Garut, kpktipikor.id – Belakangan ini, menjadi sorotan publik terkait maraknya PKBM di wilayah Pakenjeng yang diduga memalsukan peserta didik (siswa fiktif), tidak tercapainya jam belajar tatap muka, dan ada dugaan terjadi transaksi jual beli ijazah dengan nominal tertentu.
“Dilihat dari jumlah peserta didik yang dilaporkan ke Dapodik, rata-rata setiap PKBM tidak sesuai dengan jumlah murid yang mengikuti kegiatan belajar mengajar di setiap PKBM. Periksa dan teliti saja, tidak akan ditemukan peserta didik melakukan kegiatan belajar mengajar sesuai jumlah yang dilaporkan di Dapodik. Dugaannya, para pengelola PKBM hanya mengeruk dana yang digelontorkan pemerintah saja,” ungkap Sumber yang tidak ingin disebutkan namanya kepada awak media.
Menurutnya, anggaran bantuan yang digelontorkan pemerintah membuat para oknum pengelola PKBM justru berlomba-lomba mencari orang untuk bisa dimasukkan jadi peserta didiknya. Pasalnya, semakin banyak peserta didik, maka PKBM akan mendapatkan lebih banyak kucuran dana BOSP Kesetaraan.
“Dana BOSP untuk keseteraan Paket A mencapai Rp1,3 juta. Untuk Paket B sebesar Rp1,5 juta, dan Paket C sebesar Rp1,8 juta,” begernya pula.
Padahal, katanya, adanya PKBM adalah untuk membantu masyarakat yang membutuhkan akses pendidikan. Terutama kepada pemuda putus sekolah, agar mendapatkan keseteraan ijazah.
“Namun peluang tersebut justru dimanfaatkan untuk mencari keuntungan pribadi lewat anggaran BOP yang disediakan pemerintah,” ujarnya miris.

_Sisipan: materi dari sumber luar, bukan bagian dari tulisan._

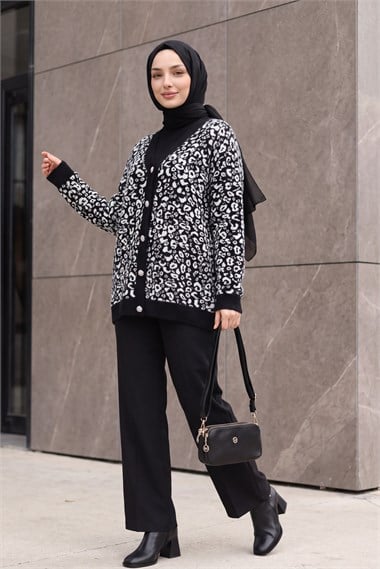 Womens Leopard Pattern Button-Front Oversized Eyelash-Knit Cardigan - Black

Sumber juga menyebutkan, bahwa PKBM Nur Dzatullah yang berada di Kp. Pondok Saluyu Rt 01/RW 03, Desa Jayamekar, Kecamatan Pakenjeng, berdasarkan informasi dari Dapodik Kementerian Pendidikan, memiliki sebanyak 90 Peserta Didik (PD), 5 Ruang Kelas, 4 Rombel, dan 1 Guru.
Namun fakta dilapangan, PKBM Nur Dzatullah, hanya memiliki 2 Ruang Kelas. Bahkan ironisnya, 1 Ruang Kelas pun tidak terlihat ada fasilitasnya, walau hanya bangku untuk kegiatan belajar mengajar. Benar-benar tidak ada satu walau kelaspun. Selain itu, tidak pula ditemukan aktifitas kegiatan belajar mengajar.
Kepala sekolahh PKBM Nur Dzatullah mengaku, bahwa untuk mendapatkan anggaran pembangunan sekolah pun terasa sangat sulit.
“Ini juga saya bangun pake uang pribadi saya,” tutur Kartini, yang mengaku sebagai Kepala Sekolah PKBM tersebut.
Menurut Kartini, PKBM tempatnya mengajar itu banyak menerima peserta didik dari berbagai daerah.
“Karena saya kasian ketika anak-anak yang harusnya masih layak mempunyai legalitas ijazah,” ujarnya.
Ditanya soal sistem pembelajaran di PKBM Nur Dzatullah Kp. Pondok Saluyu, Kartini menyebut bahwa PKBM Nur Dzatullah membentuk beberapa Kelompok Belajar, ada yang secara tatap muka di ruang kelas yang disediakan dan ada juga pembelajaran melalui lewat online.